▸ Activity: The listing that follows must be retyped exactly, without its pictures.

▸ Supplied information:
▬▬▬▬▬▬▬▬▬▬

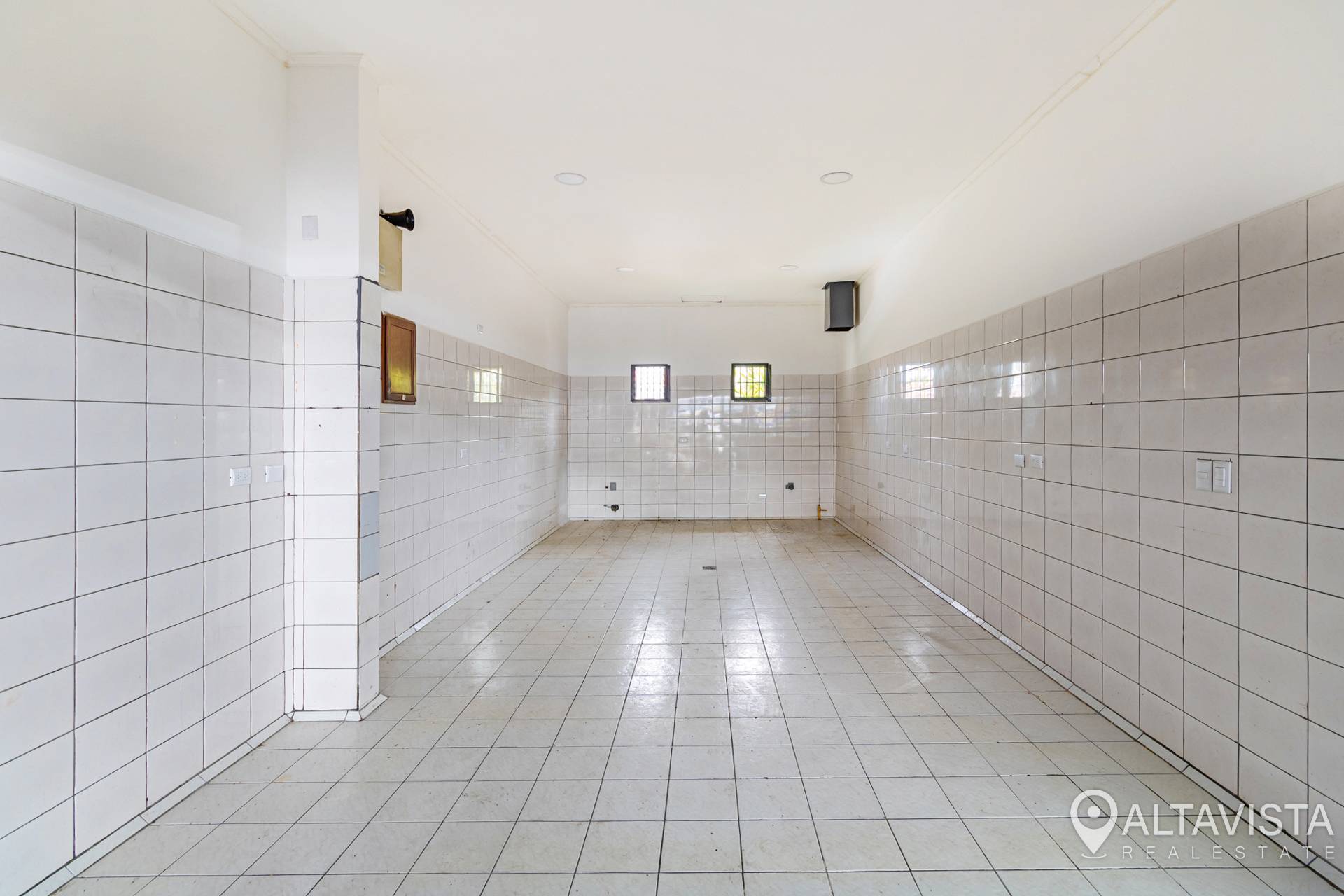 Local food plaza Cristal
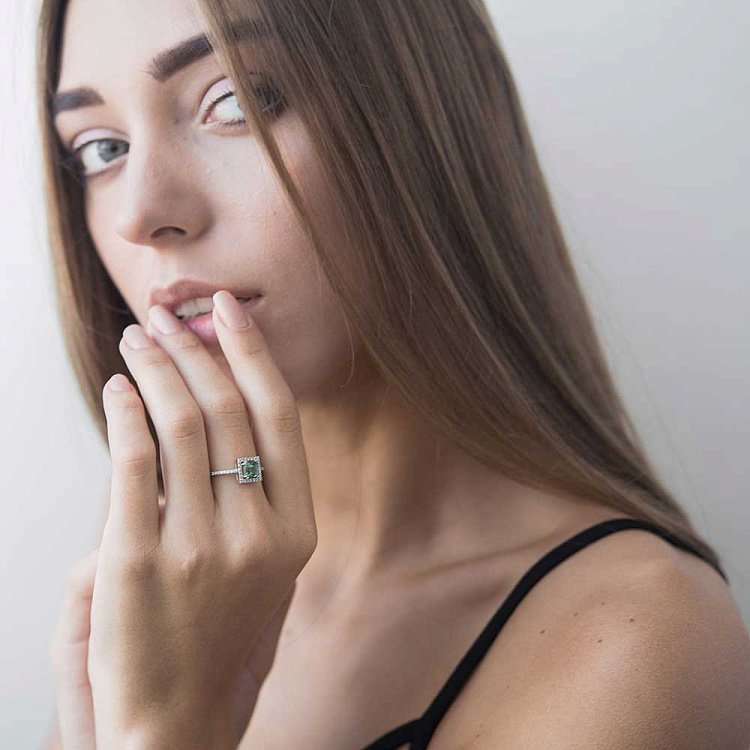 Золота каблучка з празіолітом і фіанітами к04631 від ювелірного магазину Онікс - 1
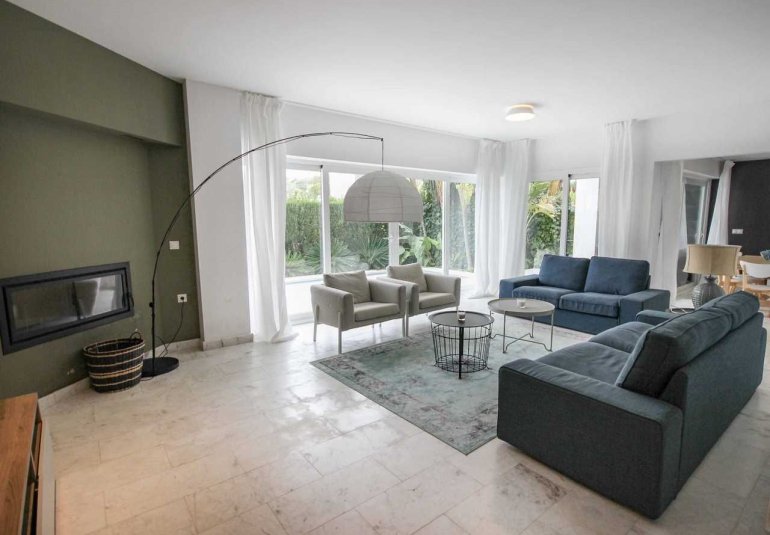Resale - Villa -
Alfaz del Pi - Albir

▬▬▬▬▬▬▬▬▬▬

▸ Result for this exercise:
 Local food plaza Cristal
 Золота каблучка з празіолітом і фіанітами к04631 від ювелірного магазину Онікс - 1
Resale - Villa -
Alfaz del Pi - Albir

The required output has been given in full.